## [WHAT IS EXPECTED]
Locate the line that contains "Die Oxford Street, London, UK" in the data that follows. Copy it and every subsequent line to the end, exactly, excluding pictures.
|---|
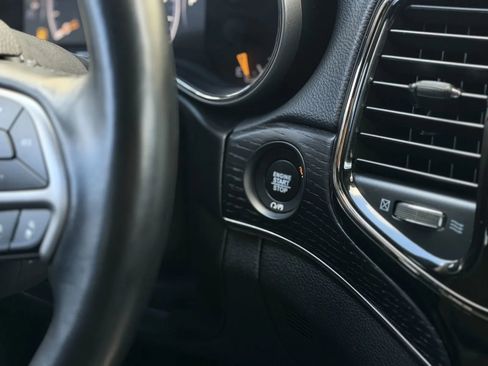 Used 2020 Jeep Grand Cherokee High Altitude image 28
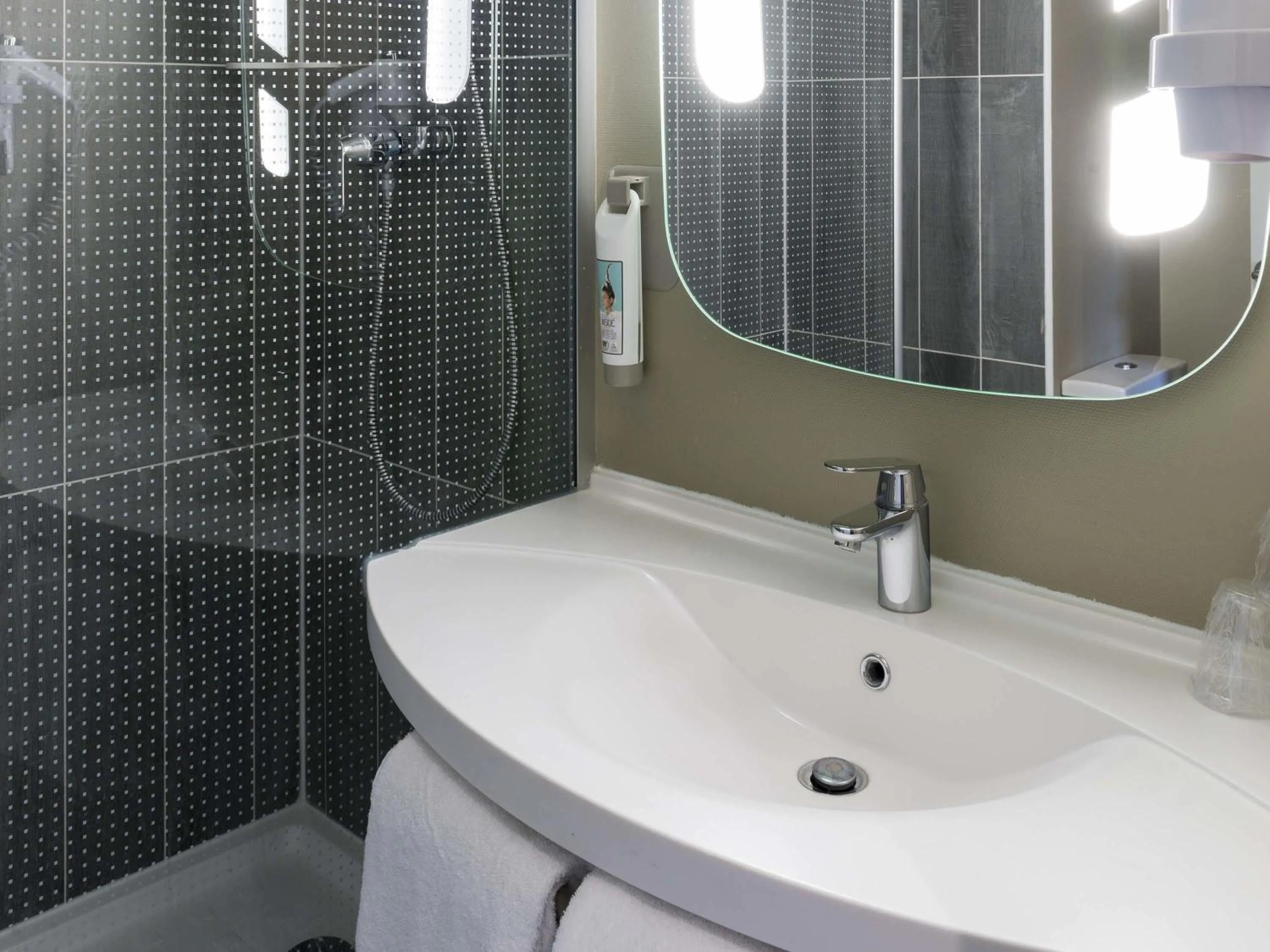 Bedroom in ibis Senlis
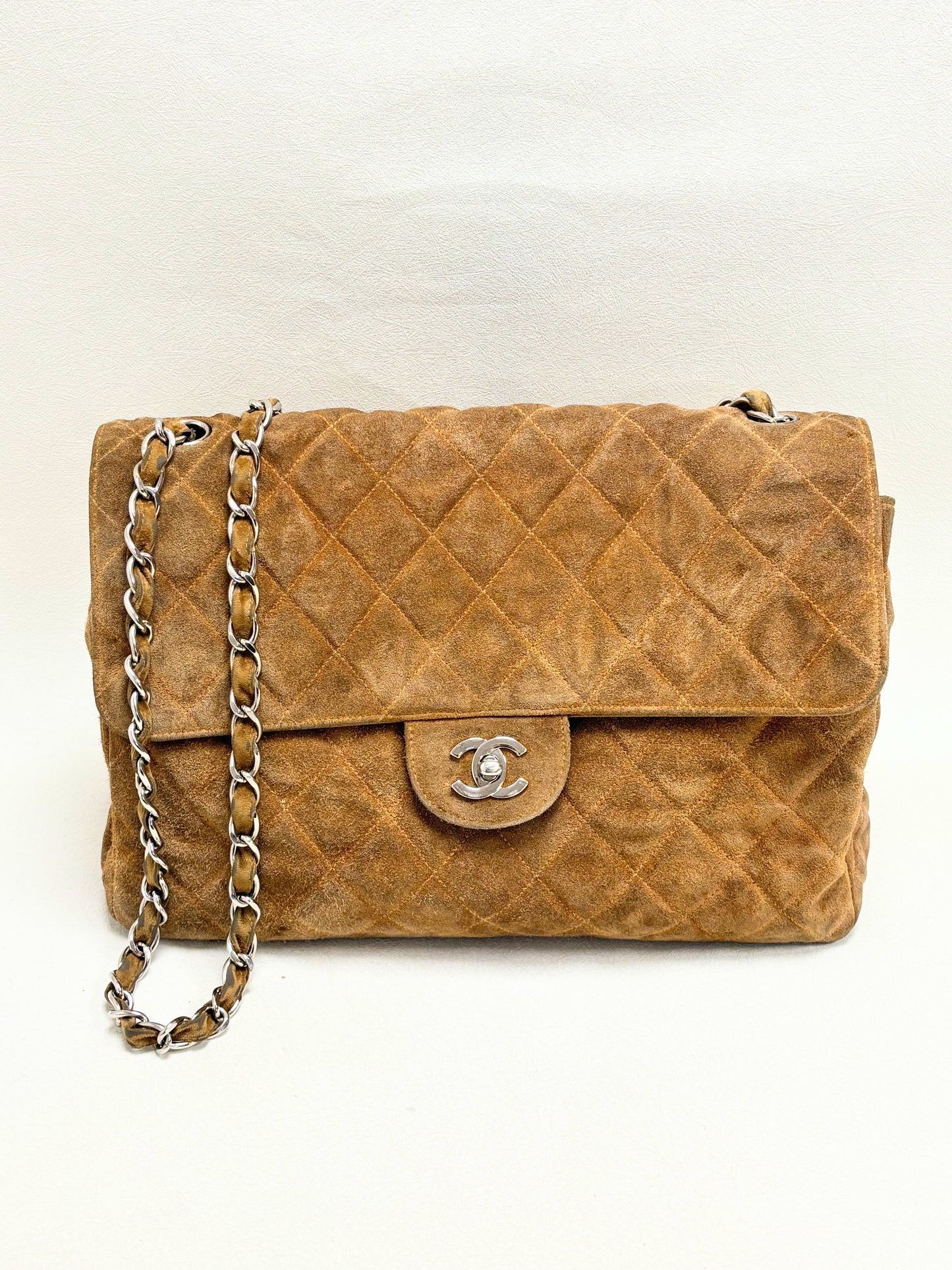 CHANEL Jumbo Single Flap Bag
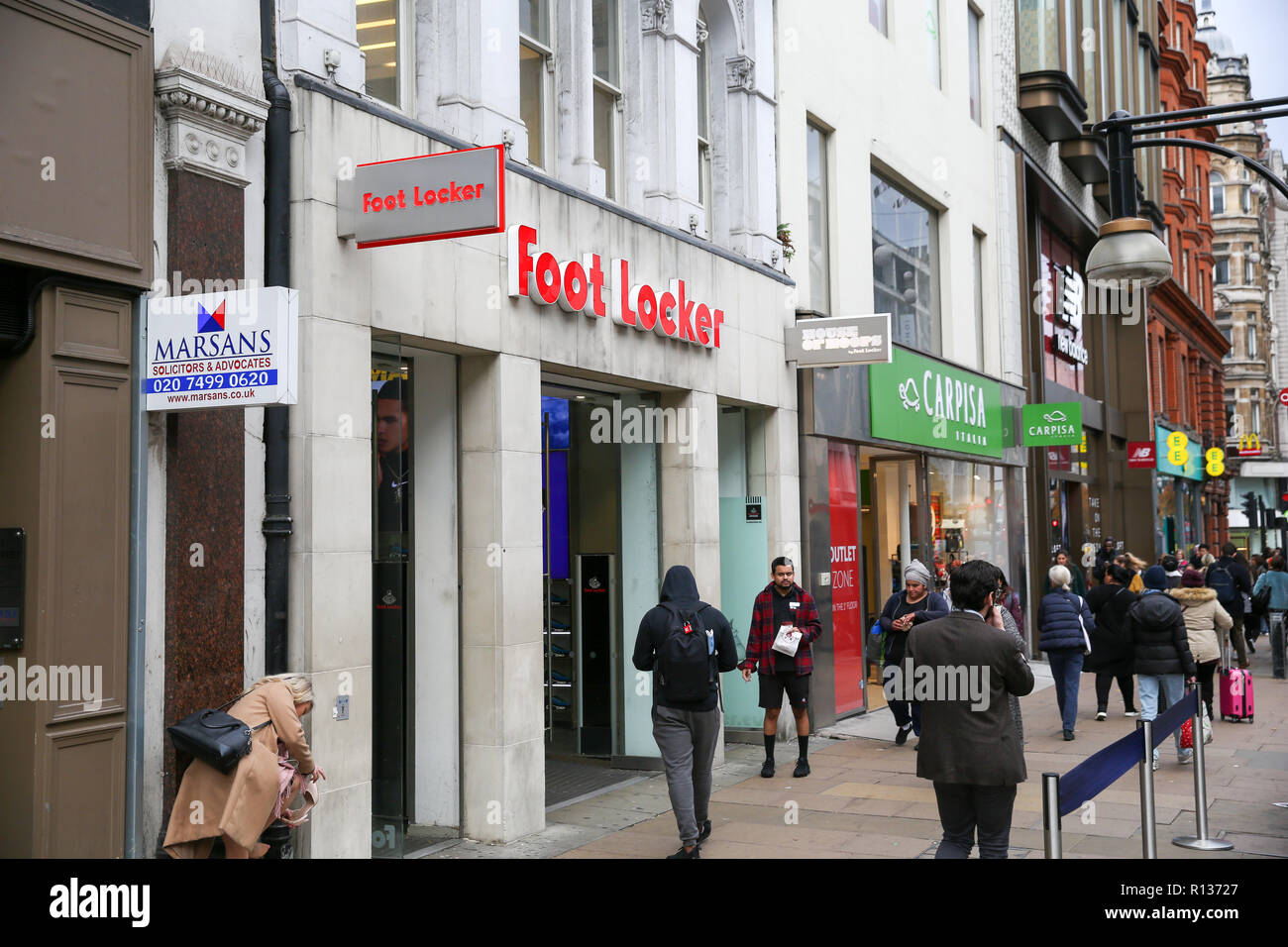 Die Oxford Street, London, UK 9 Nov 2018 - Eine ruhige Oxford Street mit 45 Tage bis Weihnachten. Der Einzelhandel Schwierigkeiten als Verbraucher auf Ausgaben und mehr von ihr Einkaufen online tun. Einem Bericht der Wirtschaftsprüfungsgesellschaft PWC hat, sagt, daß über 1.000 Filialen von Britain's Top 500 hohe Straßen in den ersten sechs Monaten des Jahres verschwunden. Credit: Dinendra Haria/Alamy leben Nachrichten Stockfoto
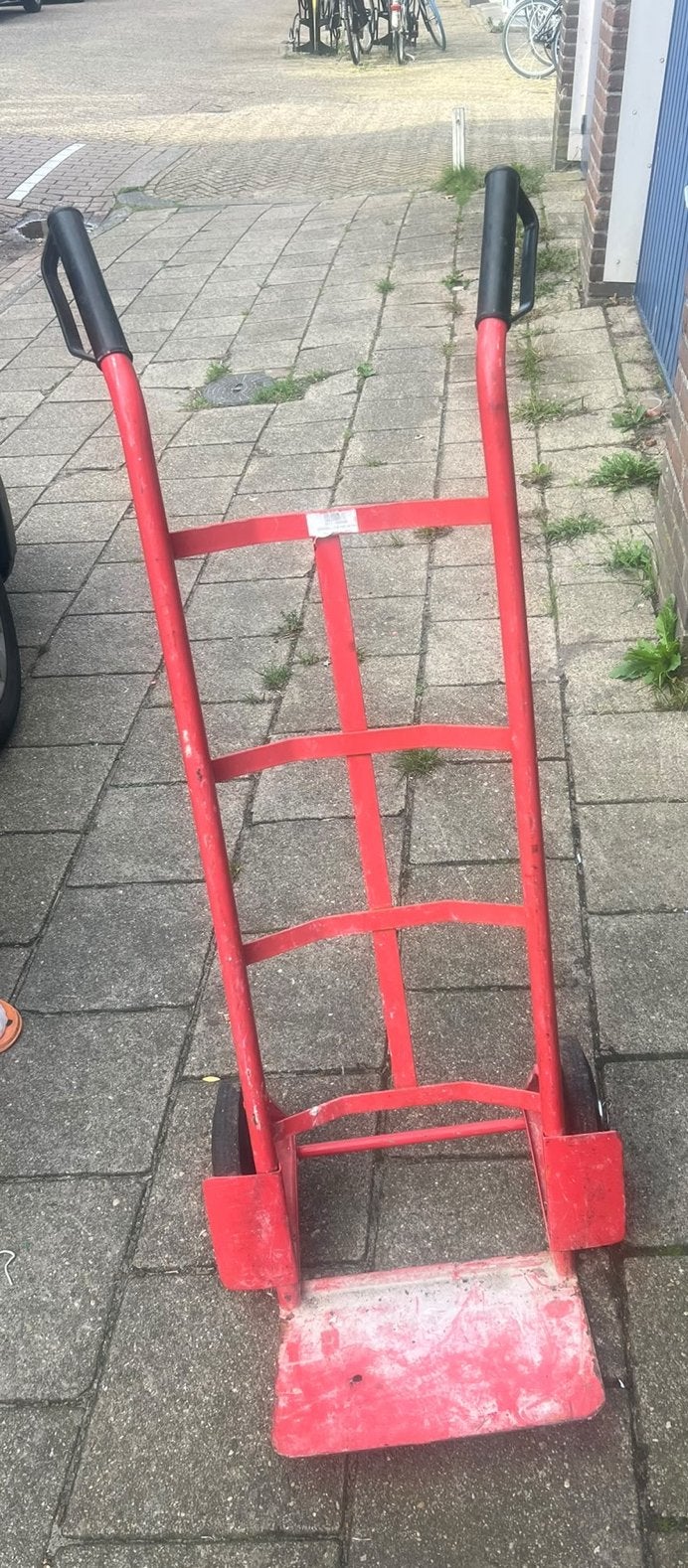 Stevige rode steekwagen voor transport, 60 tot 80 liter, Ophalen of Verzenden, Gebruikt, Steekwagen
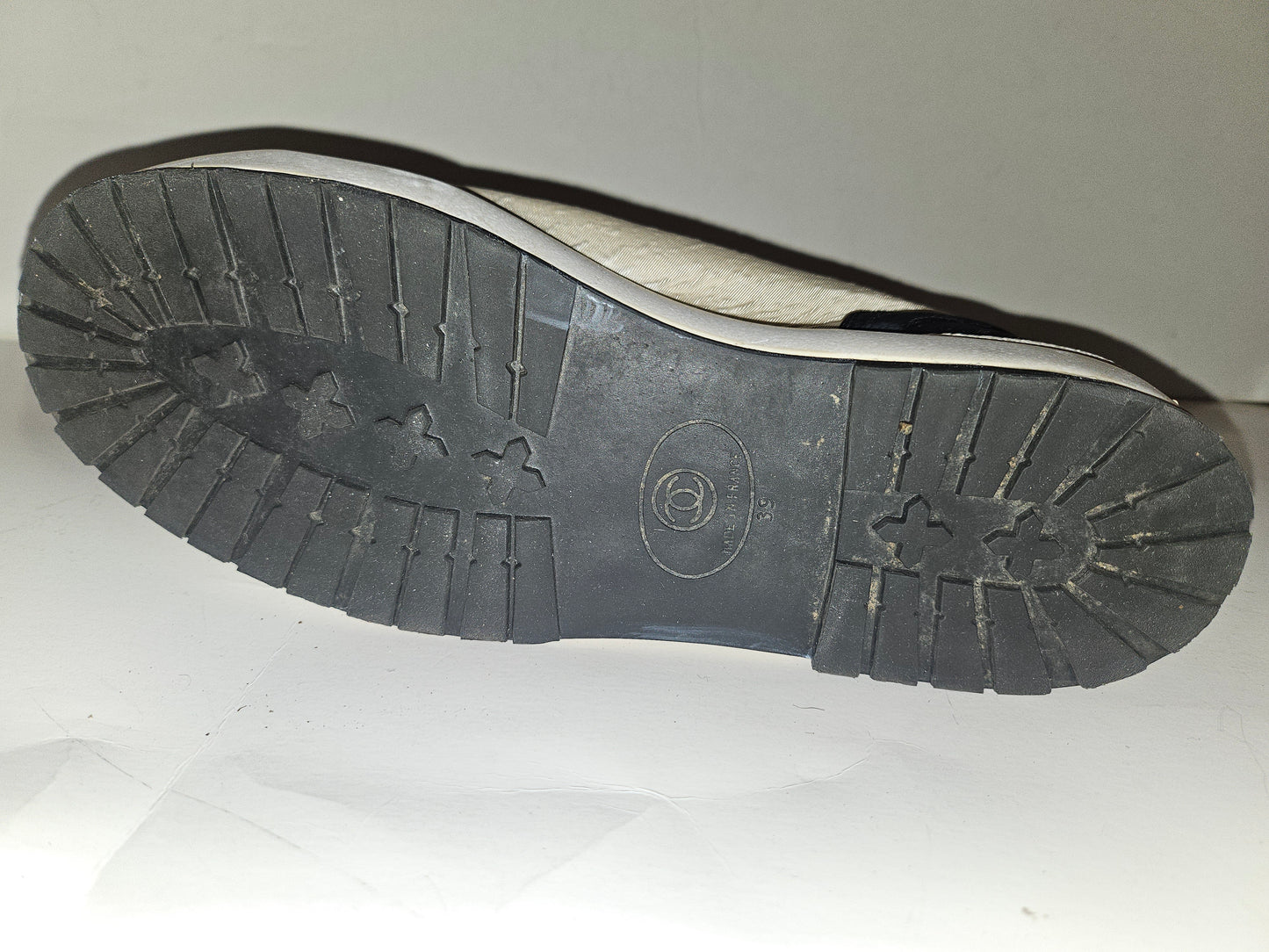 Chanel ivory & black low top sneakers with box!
|---|
## [YOUR SOLUTION]
 Die Oxford Street, London, UK 9 Nov 2018 - Eine ruhige Oxford Street mit 45 Tage bis Weihnachten. Der Einzelhandel Schwierigkeiten als Verbraucher auf Ausgaben und mehr von ihr Einkaufen online tun. Einem Bericht der Wirtschaftsprüfungsgesellschaft PWC hat, sagt, daß über 1.000 Filialen von Britain's Top 500 hohe Straßen in den ersten sechs Monaten des Jahres verschwunden. Credit: Dinendra Haria/Alamy leben Nachrichten Stockfoto
 Stevige rode steekwagen voor transport, 60 tot 80 liter, Ophalen of Verzenden, Gebruikt, Steekwagen
 Chanel ivory & black low top sneakers with box!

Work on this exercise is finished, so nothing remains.